*** Opening RECORDED DATA ***
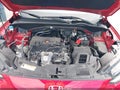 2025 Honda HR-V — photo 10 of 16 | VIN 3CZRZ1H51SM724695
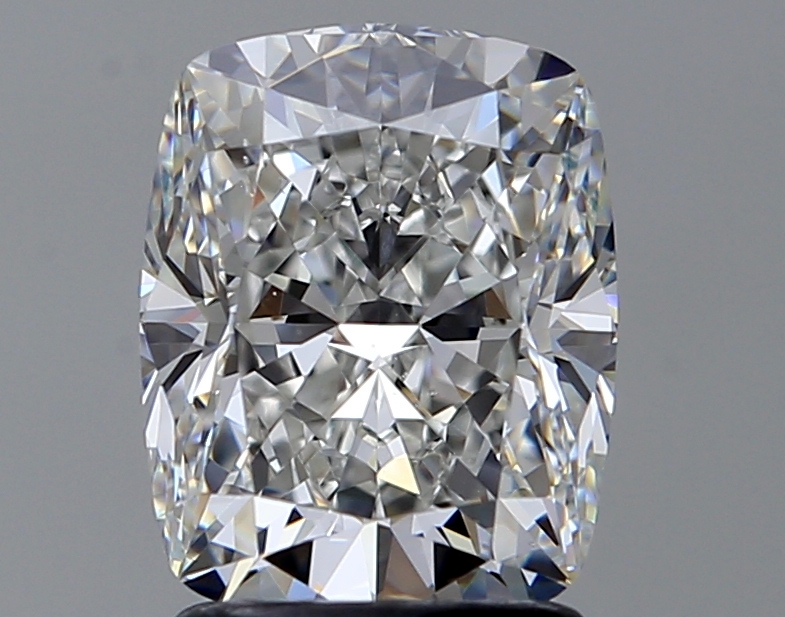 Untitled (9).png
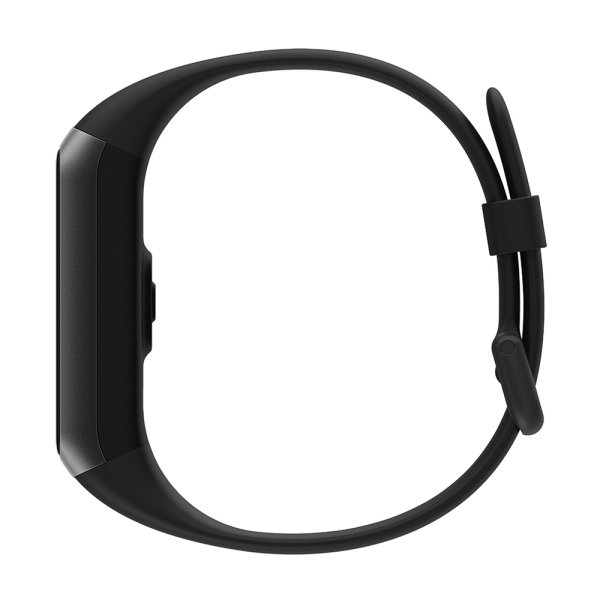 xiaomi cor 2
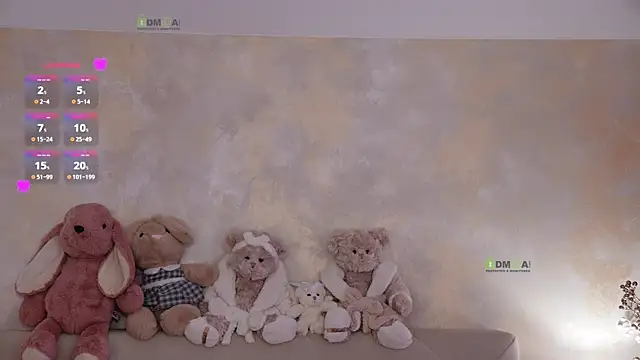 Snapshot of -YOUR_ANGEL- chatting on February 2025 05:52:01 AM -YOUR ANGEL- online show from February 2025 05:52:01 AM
*** Closing RECORDED DATA ***
*** Opening RECORDED DATA ***
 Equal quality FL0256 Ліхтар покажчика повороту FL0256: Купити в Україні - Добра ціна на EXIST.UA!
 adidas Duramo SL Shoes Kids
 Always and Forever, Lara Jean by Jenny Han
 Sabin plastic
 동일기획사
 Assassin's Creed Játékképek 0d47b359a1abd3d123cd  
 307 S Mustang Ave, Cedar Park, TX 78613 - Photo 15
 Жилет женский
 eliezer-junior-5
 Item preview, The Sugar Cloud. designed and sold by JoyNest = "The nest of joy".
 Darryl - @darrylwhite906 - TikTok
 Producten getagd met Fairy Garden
*** Closing RECORDED DATA ***
TASK REQUIREMENTS: In the material above, the stretch from the line with "2025 Honda HR-V" through the line with "Snapshot of -YOUR_ANGEL- chatting" is to be given again exactly, minus the pictures.

RESPONSE:
 2025 Honda HR-V — photo 10 of 16 | VIN 3CZRZ1H51SM724695
 Untitled (9).png
 xiaomi cor 2
 Snapshot of -YOUR_ANGEL- chatting on February 2025 05:52:01 AM -YOUR ANGEL- online show from February 2025 05:52:01 AM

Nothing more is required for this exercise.